* [Your goal]: Please find every line in the records below that contains the word "Food", and copy it.
□ □ □ □
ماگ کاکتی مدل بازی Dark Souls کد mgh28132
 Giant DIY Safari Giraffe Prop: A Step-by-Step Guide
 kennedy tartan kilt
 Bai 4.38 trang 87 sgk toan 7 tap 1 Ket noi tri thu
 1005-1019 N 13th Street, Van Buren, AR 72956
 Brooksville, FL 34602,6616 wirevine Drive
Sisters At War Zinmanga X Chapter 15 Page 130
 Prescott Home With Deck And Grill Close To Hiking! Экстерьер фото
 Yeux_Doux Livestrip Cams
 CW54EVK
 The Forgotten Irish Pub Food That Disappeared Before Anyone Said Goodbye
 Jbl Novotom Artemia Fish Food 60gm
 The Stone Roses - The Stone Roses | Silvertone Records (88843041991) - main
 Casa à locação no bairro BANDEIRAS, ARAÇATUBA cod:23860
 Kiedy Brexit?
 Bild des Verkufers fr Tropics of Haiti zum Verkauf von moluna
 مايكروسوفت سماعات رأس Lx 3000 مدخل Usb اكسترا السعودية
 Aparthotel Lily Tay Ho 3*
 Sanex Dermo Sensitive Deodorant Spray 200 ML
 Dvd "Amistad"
□ □ □ □
* [Written response]:
 The Forgotten Irish Pub Food That Disappeared Before Anyone Said Goodbye
 Jbl Novotom Artemia Fish Food 60gm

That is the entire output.